March 22, 2022 – The University of Oklahoma has received funding from the National Institutes of Health to establish the Oklahoma Center of Medical Imaging for Translational Cancer Research, a collaboration between the Gallogly College of Engineering on the OU Norman campus and OU Health Stephenson Cancer Center in Oklahoma City.
The award from the Centers of Biomedical Research Excellence (COBRE) program of the NIH is expected to provide more than $11.3 million over a five-year Phase 1 period, with the opportunity to compete for renewal for up to three phases. The first phase supports the center’s establishment to galvanize multidisciplinary biomedical research through equipment and facilities support to junior faculty. This is the second COBRE center on OU’s Norman campus, joining the Oklahoma COBRE in Structural Biology.
Medical imaging is an essential tool to help doctors and scientists assess the size and scope of a tumor that will be effectively removed by surgery, as well as the rate at which tumors shrink in response to medical interventions such as chemotherapy or radiation therapy. OU researchers are investigating multiple avenues to help improve medical imaging use in cancer detection, diagnosis and treatment.
While imaging is the most common testing method used by clinicians, it can be difficult to read these images based on the level of variations among tumors, cancers, and most diseases.

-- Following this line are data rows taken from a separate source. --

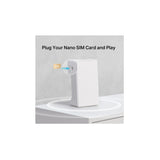 Mercusys Router MB230-4G LTE 4G+ Cat6 (AC1200/4G-LTE Modem)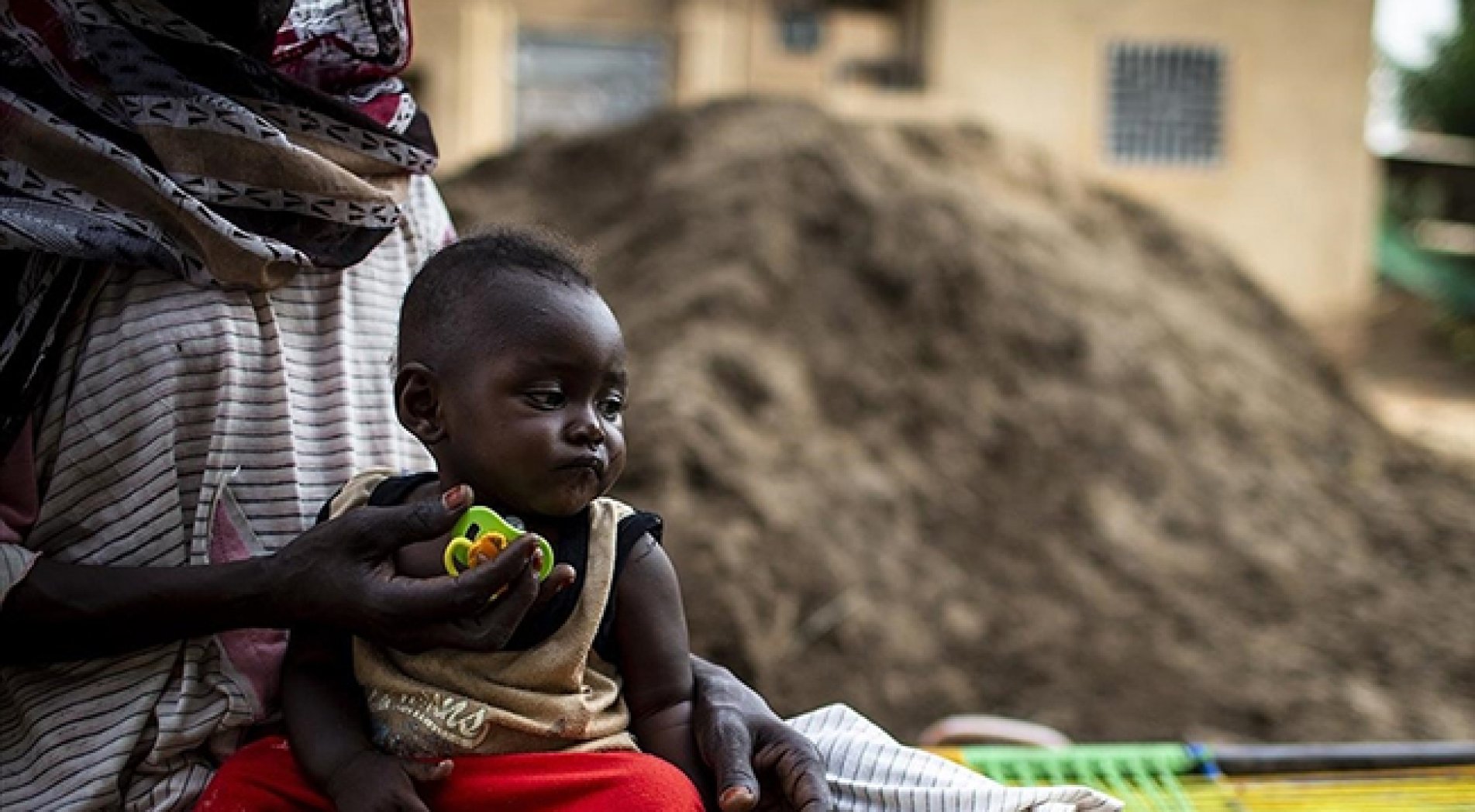 Afrika'da hayvanlardan insanlara bulaşan hastalıklar yüzde 63 arttı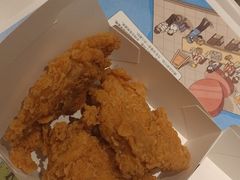 -德克士(洪洞店)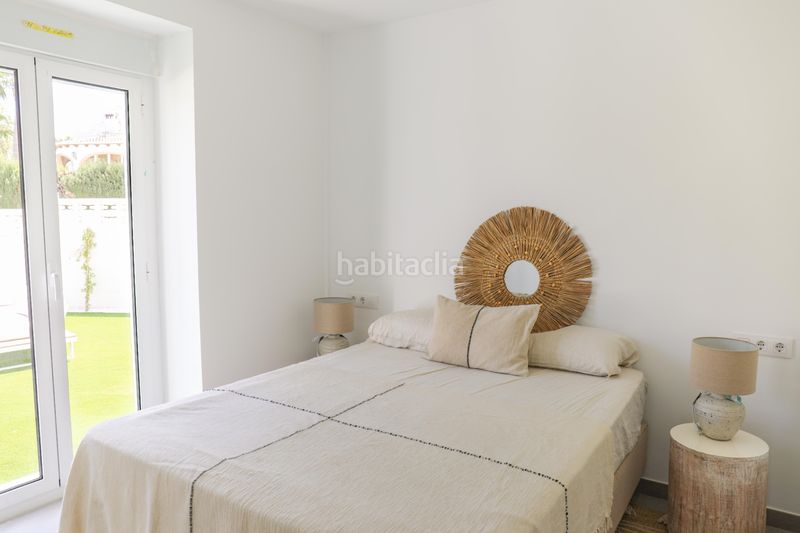 Foto ea572111-bcbd-4a71-9a0a-fc05618f155a. Apartament amb calefacció aparcament piscina a El Montgó Dénia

Due to this high variability, the diagnostic results could be different for each clinician or hospital, which can reduce treatment efficacy if the proper method isn’t used.
To counter this challenge, the center’s researchers are developing quantitative imaging markers to provide an objective measure or index that can reduce subjectivity and improve consistency for medical image diagnosis using two primary types of research approaches.
The first approach is to develop new investigative cutting-edge imaging modalities to expand the ability of doctors to see or detect more detailed tumor internal structures such as using advanced optical imaging modalities and technology.
The second is to explore and extract more effective image features from the existing clinical imaging modalities – like CT, MRI and X-ray images – and then using artificial intelligence or machine learning models to develop new quantitative imaging markers to help reduce subjectivity and variability of cancer diagnosis and predicting cancer prognosis.